Par un mémoire en défense enregistré le 11 décembre 2023, la SCCV 3 AE..., représentée par Me Garcia, conclut au rejet de la requête la ville de Lyon, à titre subsidiaire, à la condamnation la ville de Lyon à lui verser la somme de 2 200 183 euros et, en tout état de cause, à ce que soit mis à la charge solidairement de cette dernière et des intervenants volontaires le versement de la somme de 4 000 euros au titre des dispositions de l'article L. 761-1 du code de justice administrative.

Elle soutient que :

- les interventions volontaires sont irrecevables en l'absence d'intérêt à agir des intervenants et d'habilitation, par l'assemblée générale, du syndicat des copropriétaires de l'immeuble " le Patio " pour intervenir dans la présente instance ;

- les moyens invoqués ne sont pas fondés ;

- à titre subsidiaire, si la cour venait à infirmer le jugement du 29 décembre 2022 du tribunal administratif de Lyon quant à l'octroi du refus de permis de construire, elle condamnera la ville de Lyon à lui verser la somme de 2 200 183 euros en réparation des conséquences du refus de permis de construire.

Par une ordonnance du 4 décembre 2024 la clôture de l'instruction a été fixée au 28 janvier 2025.

Vu les autres pièces du dossier ;

Vu :

- le code de l'urbanisme ;

- la loi n° 65-557 du 10 juillet 1965 ;

- le décret n°67-223 du 17 mars 1967 ;

- le code de justice administrative ;

Les parties ayant été régulièrement averties du jour de l'audience ;

Après avoir entendu au cours de l'audience publique :

- le rapport de Mme Burnichon, première conseillère,

- les conclusions de Mme Djebiri, rapporteure publique,

- les observations de Me Duverneuil pour la ville de Lyon, de Me Grisel pour le syndicat des copropriétaires de l'immeuble " le Patio " et autres, et de Me Garcia pour la SCCV 3 AE....

Considérant ce qui suit :

1. La SCCV 3 AE... a déposé, le 2 juin 2020, une demande de permis de construire portant sur la démolition d'un bâtiment existant et la construction d'un immeuble de quinze logements, un local commercial, la création de quatorze aires de stationnement et l'affectation de deux places de stationnement pour une surface de plancher totale de 1 122 m² sur un terrain situé 3 AE... dans le 4ème arrondissement de Lyon.

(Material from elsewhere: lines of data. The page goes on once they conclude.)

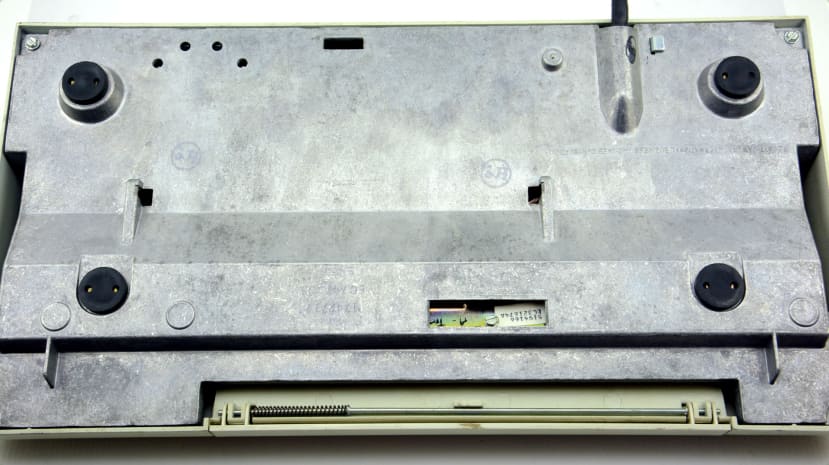 solid die-cast aluminium base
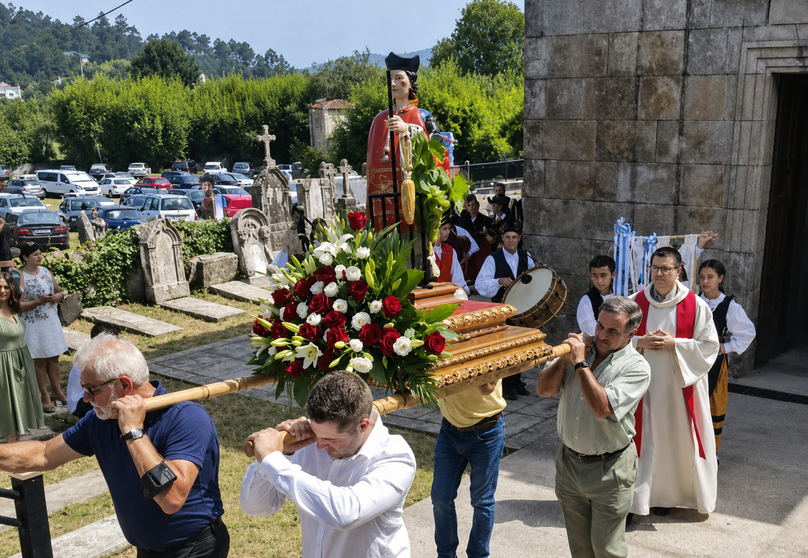 Procesi&oacute;n de San Lourenzo en Arnoso, una de las celebraciones religiosas que mantiene viva la tradici&oacute;n comunitaria de la parroquia.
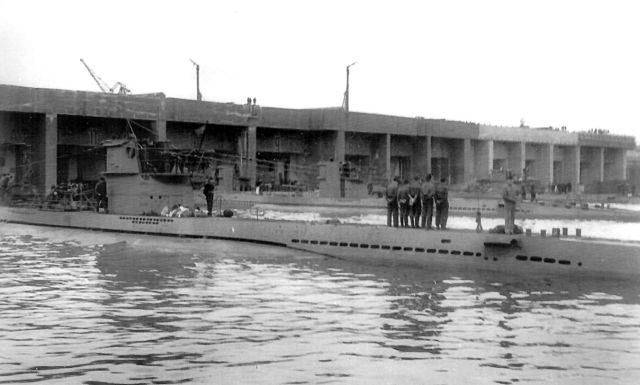 Arrivée d'un U-Boot de Type VII-C à Saint-Nazaire au printemps 1943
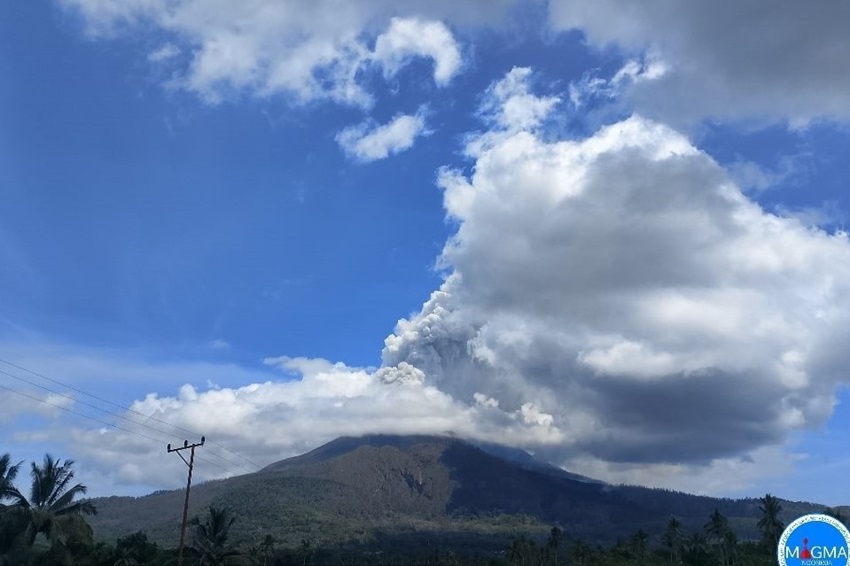 Gunung Lewotobi Laki-Laki Erupsi Siang Ini, Luncurkan Abu Vulkanik 1.100 Meter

Par un arrêté du 20 octobre 2020, le maire de Lyon a refusé de délivrer le permis de construire sollicité. La SCCV 3 AE... a demandé au tribunal administratif de Lyon d'annuler cet arrêté ainsi que le rejet de son recours gracieux et de condamner la ville de Lyon à lui verser la somme de 2 200 183 euros en réparation des préjudices qu'elle estime avoir subis. Par un jugement du 29 décembre 2022, le tribunal administratif de Lyon a annulé l'arrêté du 20 octobre 2020 ainsi que la décision de rejet du recours gracieux de la SCCV 3 AE..., a enjoint au maire de Lyon de délivrer le permis de construire sollicité dans un délai d'un mois à compter de sa notification et a rejeté le surplus des conclusions de la SCCV 3 AE.... La ville de Lyon relève appel de ce jugement en tant que le tribunal administratif de Lyon a annulé l'arrêté du 20 octobre 2020 et lui a enjoint de délivrer à la SCCV 3 AE... le permis de construire sollicité. En défense, la SCCV 3 AE... conclut au rejet de la requête de la ville de Lyon et à titre subsidiaire, demande à la cour de condamner la ville de Lyon à lui verser la somme de 2 200 183 euros en réparation de son préjudice.

Sur l'appel principal :

Sur la recevabilité des interventions :

2. D'une part, en vertu de l'article 18 de la loi du 10 juillet 1965 fixant le statut de la copropriété des immeubles bâtis, le syndic représente le syndicat des copropriétaires en justice. Aux termes de l'article 55 du décret du 17 mars 1967 pris pour l'application de cette loi : " Le syndic ne peut agir en justice au nom du syndicat sans y avoir été autorisé par une décision de l'assemblée générale. / Une telle autorisation n'est pas nécessaire pour les actions en recouvrement de créance, la mise en œuvre des voies d'exécution forcée à l'exception de la saisie en vue de la vente d'un lot, les mesures conservatoires et les demandes qui relèvent des pouvoirs de juge des référés, ainsi que pour défendre aux actions intentées contre le syndicat. / Dans tous les cas, le syndic rend compte à la prochaine assemblée générale des actions introduites ". Il résulte de ces dispositions que, dans les cas où une autorisation est requise, le syndic, agissant au nom de la copropriété, est tenu de disposer, sous peine d'irrecevabilité de sa demande, d'une autorisation formelle de l'assemblée générale des copropriétaires pour agir en justice en son nom, habilitation qui doit préciser l'objet et la finalité du contentieux engagé. Le pouvoir ainsi donné au syndic est compris dans les limites qui ont, le cas échéant, été fixées par la décision de l'assemblée générale.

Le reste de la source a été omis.